この連子は、現在の同スートの刻子より正統な組み合わせであった。しかし19世紀後半、太平天国の乱を経たのち、数牌中心であった組み合わせに字牌や花牌が加わり、今日の数牌108枚、字牌28枚、花牌8枚の計144枚というセットが成立してきた。それとともに連子は脇役的な存在となり、今日では東北地方などにローカルルールとして残存するだけとなるに至っている。
この時代、数牌に字牌や花牌が加わったといっても、最初から144枚という形で成立したわけではない。万子・筒子・索子の3スート(3種類)は9連数に4デュプリケーション(同一牌4枚)の計108枚で安定していたが、字牌と花牌は牌種、枚数とも流動的であった。その過渡期を示す貴重な資料牌として昇官牌(しょうかんパイ)、龍鳳牌(りゅうほうハイ)が存在する。
昇官牌は官位の昇級をモチーフにしたゲームで、今日の麻雀と同時期に昇官双六が骨牌ゲームと融合し、麻雀と枝分かれ的に誕生したゲームと推測される。数牌の枚数、またそれが3スートであることは麻雀と同じであるが、牌種は功・品・級の3種類からなる。このうち“品”のスートは、のちの福健牌の“品”スートを連想させて興味深い。

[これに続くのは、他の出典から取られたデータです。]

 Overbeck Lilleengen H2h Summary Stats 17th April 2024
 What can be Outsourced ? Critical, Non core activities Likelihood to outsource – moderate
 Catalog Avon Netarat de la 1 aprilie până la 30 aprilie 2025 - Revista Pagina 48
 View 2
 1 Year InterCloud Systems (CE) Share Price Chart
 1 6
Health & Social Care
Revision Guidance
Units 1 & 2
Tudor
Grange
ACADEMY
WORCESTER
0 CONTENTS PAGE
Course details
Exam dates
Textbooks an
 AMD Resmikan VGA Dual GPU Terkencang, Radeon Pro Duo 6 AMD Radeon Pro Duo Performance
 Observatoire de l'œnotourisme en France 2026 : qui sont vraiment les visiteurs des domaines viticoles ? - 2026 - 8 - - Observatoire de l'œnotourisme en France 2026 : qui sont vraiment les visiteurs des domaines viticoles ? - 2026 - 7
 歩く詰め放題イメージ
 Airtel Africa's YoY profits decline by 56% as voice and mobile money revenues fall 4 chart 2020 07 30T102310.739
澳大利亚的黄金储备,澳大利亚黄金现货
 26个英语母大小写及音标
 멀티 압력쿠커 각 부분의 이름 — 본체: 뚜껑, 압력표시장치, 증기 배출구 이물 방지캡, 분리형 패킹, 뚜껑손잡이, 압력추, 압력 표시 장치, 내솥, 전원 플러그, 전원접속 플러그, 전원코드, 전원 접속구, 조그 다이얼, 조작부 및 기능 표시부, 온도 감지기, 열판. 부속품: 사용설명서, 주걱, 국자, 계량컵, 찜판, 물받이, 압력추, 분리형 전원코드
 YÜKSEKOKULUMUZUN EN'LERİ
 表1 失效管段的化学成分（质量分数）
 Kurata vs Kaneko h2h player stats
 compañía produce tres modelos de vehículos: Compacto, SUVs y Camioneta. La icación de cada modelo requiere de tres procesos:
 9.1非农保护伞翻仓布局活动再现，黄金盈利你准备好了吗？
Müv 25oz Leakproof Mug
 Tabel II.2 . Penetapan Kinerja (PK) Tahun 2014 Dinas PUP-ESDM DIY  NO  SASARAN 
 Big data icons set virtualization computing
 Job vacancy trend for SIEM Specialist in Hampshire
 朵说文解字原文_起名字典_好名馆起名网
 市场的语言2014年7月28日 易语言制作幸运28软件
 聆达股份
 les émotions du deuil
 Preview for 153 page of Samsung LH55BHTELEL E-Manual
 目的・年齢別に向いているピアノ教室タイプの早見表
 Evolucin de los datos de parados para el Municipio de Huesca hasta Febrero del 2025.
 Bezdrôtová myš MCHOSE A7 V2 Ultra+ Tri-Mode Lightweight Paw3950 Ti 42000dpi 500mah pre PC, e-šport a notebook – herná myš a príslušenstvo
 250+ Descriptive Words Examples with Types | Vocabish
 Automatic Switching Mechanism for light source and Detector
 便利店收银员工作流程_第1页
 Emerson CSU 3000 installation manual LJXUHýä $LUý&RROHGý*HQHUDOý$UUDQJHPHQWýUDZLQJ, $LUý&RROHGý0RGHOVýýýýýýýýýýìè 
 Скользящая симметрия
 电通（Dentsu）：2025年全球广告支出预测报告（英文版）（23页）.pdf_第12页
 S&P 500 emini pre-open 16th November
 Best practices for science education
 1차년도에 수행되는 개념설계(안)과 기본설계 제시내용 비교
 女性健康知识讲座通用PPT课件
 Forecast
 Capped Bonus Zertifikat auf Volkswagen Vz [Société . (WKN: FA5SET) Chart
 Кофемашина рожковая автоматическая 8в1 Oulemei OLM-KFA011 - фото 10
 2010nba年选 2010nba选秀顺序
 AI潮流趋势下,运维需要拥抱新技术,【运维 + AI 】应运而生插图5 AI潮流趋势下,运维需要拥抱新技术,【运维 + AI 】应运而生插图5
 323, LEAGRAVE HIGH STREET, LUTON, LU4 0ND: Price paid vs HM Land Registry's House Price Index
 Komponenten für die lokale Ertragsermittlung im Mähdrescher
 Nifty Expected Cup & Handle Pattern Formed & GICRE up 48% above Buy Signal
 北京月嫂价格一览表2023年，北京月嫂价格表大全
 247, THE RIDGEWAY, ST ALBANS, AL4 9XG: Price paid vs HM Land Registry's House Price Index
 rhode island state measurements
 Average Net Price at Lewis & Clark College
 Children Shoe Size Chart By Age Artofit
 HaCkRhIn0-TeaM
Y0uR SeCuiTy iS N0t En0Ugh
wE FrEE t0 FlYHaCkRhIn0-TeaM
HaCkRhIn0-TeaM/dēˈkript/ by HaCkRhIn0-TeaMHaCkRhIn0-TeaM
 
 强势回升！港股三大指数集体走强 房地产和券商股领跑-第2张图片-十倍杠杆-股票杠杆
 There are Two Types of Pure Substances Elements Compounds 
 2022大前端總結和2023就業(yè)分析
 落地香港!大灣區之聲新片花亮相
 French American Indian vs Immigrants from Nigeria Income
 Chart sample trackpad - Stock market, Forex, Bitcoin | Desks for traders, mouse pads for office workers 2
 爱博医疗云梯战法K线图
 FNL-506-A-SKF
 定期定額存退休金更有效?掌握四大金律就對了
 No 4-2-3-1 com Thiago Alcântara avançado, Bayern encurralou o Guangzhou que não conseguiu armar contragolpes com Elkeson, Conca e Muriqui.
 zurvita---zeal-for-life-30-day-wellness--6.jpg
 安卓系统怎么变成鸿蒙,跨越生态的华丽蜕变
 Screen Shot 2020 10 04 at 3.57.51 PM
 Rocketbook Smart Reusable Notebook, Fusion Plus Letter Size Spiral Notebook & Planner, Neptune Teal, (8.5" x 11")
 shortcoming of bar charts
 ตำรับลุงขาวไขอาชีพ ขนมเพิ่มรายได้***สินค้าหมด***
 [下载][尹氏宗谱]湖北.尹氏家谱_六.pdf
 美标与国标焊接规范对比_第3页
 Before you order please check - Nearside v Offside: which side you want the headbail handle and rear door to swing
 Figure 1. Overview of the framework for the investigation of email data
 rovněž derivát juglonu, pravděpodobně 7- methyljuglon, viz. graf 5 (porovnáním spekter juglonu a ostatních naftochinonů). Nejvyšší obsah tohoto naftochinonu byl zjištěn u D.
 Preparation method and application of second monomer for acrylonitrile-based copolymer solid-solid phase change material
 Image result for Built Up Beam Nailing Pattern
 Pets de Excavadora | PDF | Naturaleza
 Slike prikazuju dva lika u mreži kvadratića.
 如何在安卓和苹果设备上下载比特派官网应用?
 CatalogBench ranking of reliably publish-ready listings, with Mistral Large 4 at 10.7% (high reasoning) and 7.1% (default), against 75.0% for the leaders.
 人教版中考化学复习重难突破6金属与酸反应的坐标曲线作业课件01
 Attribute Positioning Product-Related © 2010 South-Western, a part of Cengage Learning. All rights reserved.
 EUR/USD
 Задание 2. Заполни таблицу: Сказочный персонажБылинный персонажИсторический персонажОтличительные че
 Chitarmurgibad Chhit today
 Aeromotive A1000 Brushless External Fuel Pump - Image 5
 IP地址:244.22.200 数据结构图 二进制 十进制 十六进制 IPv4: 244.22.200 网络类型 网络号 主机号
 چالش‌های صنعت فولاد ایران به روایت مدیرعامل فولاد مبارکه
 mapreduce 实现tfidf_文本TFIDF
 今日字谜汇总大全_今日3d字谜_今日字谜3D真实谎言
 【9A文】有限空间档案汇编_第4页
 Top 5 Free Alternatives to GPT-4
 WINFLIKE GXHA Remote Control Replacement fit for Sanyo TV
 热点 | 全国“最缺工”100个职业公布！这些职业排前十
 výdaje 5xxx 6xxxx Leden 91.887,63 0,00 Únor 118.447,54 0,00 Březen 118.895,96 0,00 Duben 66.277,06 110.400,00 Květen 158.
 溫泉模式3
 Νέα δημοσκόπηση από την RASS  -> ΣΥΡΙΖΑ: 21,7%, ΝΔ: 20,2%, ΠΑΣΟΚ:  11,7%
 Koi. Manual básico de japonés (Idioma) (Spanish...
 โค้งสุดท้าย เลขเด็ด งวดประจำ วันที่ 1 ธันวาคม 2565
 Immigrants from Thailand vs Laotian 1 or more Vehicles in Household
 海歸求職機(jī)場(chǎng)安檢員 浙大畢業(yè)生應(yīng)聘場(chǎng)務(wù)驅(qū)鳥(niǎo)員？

昇官牌の字牌には風牌・三元牌が存在しない。その代わり春宮・夏宮・秋宮・冬宮、太師(皇太子の師の意)・太傳(現皇帝の師の意)・太保(前皇帝の師の意)の各4枚で計28枚。その他に仁義礼智信、公侯伯子男、福禄喜寿、元享利貞の各1枚、白板が12枚で合計60枚、花牌は4聯8座(32枚)で総枚数は200枚に達する。
龍鳳牌は三元牌が龍鳳白(龍は皇帝、鳳は皇后、白は配(配偶)を表すという)となっているものの、数牌は万・筒・索であり、麻雀牌の原型といえる牌である。この龍鳳白という三元牌は紅中・緑發・白板という牌種が成立したのちも平行して用いられており、三元牌のもっとも古いパターンではないかと推測される。そして花牌が漁樵耕読・梅蘭竹菊、連中三元・指月高升の2聯16枚であり、総数は152枚となっている。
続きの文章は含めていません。